- _INSTRUCTIONS FOR THE TASK_
Leaving out all pictures, transcribe the lines below exactly, from the first through the line containing "At the starting".

- _PROVIDED DATA_
********
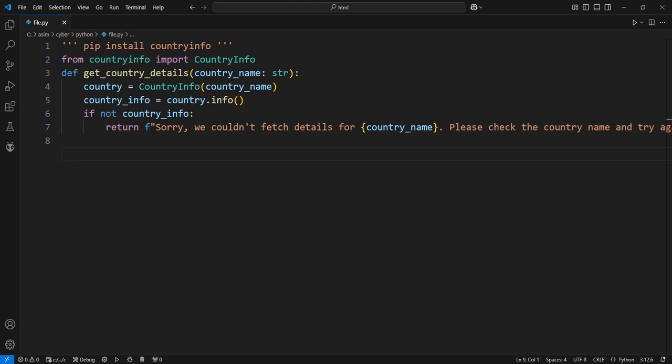Extract the necessary details from the country_info dictionary. Here we are extracting key details like capital, population, currency, etc. Using the get method to safely extract the capital.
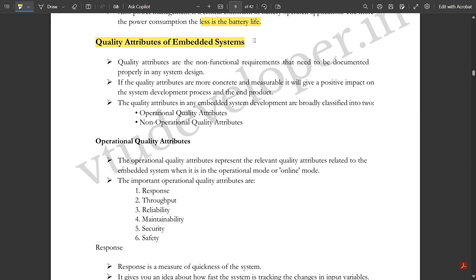This topic — quality attributes of embedded systems — is a very important and frequently repeated question that could appear in your final exam. Notes on this topic are provided by VDU Developer dot in, available in the description after subscribing and following a few steps. This second module is completely theory-based, and if you have some practical knowledge of embedded systems, you can write answers easily in your own words.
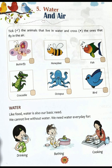At the starting of the chapter, an exercise is given to you. Now tell me one thing — where does a fish live? A fish lives in water. Can fish live without water? No, a fish cannot live without water. Just like fish, there are some other animals that live only in water.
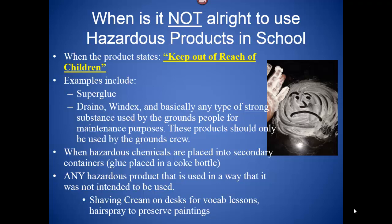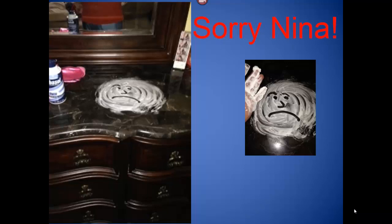Any hazardous product used in a way it was not intended to be used is also not acceptable. I'm sorry — shaving cream. Putting shaving cream on desks for vocabulary lessons is no longer acceptable, because shaving cream is meant to shave hair, not to draw letters on a desk. The same thing with hairspray — some people use hairspray to preserve paintings, but we can't do that because that's not the purpose hairspray was designed for. By the way, I had a lot of fun smearing shaving cream all over your furniture without you knowing, Nina — and of course I cleaned it up.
********
- _WRITTEN RESPONSE_
Extract the necessary details from the country_info dictionary. Here we are extracting key details like capital, population, currency, etc. Using the get method to safely extract the capital.
This topic — quality attributes of embedded systems — is a very important and frequently repeated question that could appear in your final exam. Notes on this topic are provided by VDU Developer dot in, available in the description after subscribing and following a few steps. This second module is completely theory-based, and if you have some practical knowledge of embedded systems, you can write answers easily in your own words.
At the starting of the chapter, an exercise is given to you. Now tell me one thing — where does a fish live? A fish lives in water. Can fish live without water? No, a fish cannot live without water. Just like fish, there are some other animals that live only in water.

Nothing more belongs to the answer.